Si "Le Monde" était fidèle au rôle de "quatrième pouvoir" de la presse, il ferait le bilan attristé d'une décennie pour rien, où le meilleur des forces créatrices de l'Union Européenne n'a pu qu'avancer péniblement - ou bien s'est transplanté dans des environnements plus favorables. Le journal engagerait par la même occasion un débat de fond sur un nouvel ordre monétaire international. Le dollar ou la livre sont gérés de manière plus pragmatique que l'euro; mais le "quantitative easing" crée des liquidités toujours plus difficiles à employer - au-delà d'épisodes grotesques comme le transfert de Neymar au PSG. D'une manière générale, il est urgent de créer un nouveau standard monétaire international pour éviter d'avoir à subir, sous la présidence de Trump ou d'un de ses successeurs, les conséquences néfastes d'une crise du dollar. Mais il faut aussi, en Europe, libérer les forces entrepreneuriales et favoriser l'émergence de la banque du XXIè siècle, celle de l'ère numérique, des cryptomonnaies et d'un retour partiel aux étalons métalliques (or, argent, platine). Simplement, pour penser ce monde nouveau et le mettre en oeuvre, il faut des têtes fraîches, sans préjugés. Actuellement, l'Europe est enfermée dans le carcan d'une "Sainte Alliance" des monétaristes, Et donc menacée d'être une nouvelle fois impuissante lors de la prochaine grande crise, inévitable, celle qui marquera la fin du système de l'étalon-dollar.
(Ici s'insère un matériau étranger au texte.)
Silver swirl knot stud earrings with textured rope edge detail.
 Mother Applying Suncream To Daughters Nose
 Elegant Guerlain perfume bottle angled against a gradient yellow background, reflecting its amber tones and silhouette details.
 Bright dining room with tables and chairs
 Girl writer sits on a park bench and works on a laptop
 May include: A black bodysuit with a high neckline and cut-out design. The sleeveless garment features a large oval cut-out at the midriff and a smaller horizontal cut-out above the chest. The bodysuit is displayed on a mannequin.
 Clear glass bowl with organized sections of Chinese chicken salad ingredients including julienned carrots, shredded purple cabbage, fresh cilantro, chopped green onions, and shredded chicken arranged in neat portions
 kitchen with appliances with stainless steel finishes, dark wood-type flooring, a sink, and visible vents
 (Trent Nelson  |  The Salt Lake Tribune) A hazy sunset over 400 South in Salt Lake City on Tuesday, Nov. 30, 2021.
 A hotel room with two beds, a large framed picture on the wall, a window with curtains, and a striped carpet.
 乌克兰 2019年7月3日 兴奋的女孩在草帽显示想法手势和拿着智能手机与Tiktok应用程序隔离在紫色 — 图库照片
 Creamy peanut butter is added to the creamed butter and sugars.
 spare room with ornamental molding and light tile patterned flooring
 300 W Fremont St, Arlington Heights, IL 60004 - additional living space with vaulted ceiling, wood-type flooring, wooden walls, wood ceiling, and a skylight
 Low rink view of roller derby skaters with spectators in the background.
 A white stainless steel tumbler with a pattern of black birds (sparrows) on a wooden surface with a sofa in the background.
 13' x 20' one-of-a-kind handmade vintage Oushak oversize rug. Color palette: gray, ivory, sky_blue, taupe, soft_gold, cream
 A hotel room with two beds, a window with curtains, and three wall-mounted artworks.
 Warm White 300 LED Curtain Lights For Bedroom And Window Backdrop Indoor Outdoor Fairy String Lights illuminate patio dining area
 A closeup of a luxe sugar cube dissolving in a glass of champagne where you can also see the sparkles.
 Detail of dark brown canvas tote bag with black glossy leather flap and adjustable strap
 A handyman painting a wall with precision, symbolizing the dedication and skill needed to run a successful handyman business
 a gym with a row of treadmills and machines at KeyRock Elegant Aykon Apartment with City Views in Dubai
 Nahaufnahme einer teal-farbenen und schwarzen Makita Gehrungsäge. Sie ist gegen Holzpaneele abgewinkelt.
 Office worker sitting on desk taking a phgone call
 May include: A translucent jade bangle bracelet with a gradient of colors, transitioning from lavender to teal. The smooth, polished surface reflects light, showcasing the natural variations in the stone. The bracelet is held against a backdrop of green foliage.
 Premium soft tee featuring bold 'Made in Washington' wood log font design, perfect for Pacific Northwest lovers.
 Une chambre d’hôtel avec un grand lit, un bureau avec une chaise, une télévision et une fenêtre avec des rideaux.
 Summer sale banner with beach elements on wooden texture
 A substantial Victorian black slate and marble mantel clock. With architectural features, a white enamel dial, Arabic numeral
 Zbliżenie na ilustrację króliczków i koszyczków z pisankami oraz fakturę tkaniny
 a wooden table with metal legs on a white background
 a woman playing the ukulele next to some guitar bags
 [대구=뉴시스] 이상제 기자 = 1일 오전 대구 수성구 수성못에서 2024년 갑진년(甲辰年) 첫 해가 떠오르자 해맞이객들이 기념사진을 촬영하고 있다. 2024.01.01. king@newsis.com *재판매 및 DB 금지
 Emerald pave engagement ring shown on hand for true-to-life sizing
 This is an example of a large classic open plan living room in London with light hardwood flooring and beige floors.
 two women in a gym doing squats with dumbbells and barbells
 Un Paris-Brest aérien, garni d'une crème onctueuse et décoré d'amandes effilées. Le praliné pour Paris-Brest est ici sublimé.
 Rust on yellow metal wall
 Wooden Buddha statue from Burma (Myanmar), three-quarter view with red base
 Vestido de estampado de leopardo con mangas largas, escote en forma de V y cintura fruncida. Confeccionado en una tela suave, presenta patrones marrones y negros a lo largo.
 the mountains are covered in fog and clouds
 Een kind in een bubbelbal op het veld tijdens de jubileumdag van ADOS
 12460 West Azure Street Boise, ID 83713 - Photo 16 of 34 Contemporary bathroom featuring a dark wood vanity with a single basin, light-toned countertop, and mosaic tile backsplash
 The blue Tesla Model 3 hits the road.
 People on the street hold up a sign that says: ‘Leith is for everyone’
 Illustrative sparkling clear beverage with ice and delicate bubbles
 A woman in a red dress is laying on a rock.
Dire du mal de votre quotidien du soir m'a entraîné bien loin. Je vous rassure, je n'aurais pas eu beaucoup plus d'indulgence pour le "Financial Times", la "Frankfurter Allgemeine Zeitung". C'est toute la presse européenne qui s'est endormie dans le dogme - regardez comme le Brexit a mis en transe tous les medias "main stream" en Europe. La grande presse nord-américaine de référence ne vaut guère mieux, tout adonnée qu'elle est à un néo-maccarthysme russophobe. Si vous voulez vous informer librement, lisez la presse asiatique de langue anglaise: indienne, chinoise, japonaise, singapourienne etc....Vous y verrez le monde comme il évolue vraiment. Vous y sentirez aussi l'immense déception de bien des observateurs du continent asiatique devant le manque de créativité - et même le conformisme des milieux dirigeants de l'Union Européenne; leur frustration de ne pas trouver, dans le continent qui a inventé le capitalisme, des partenaires fiables ni durables.

Je vais profiter des semaines de résidence estivale à Hughenden Valley pour faire le plein d'informations depuis l'Asie - grâce à la magie d'internet.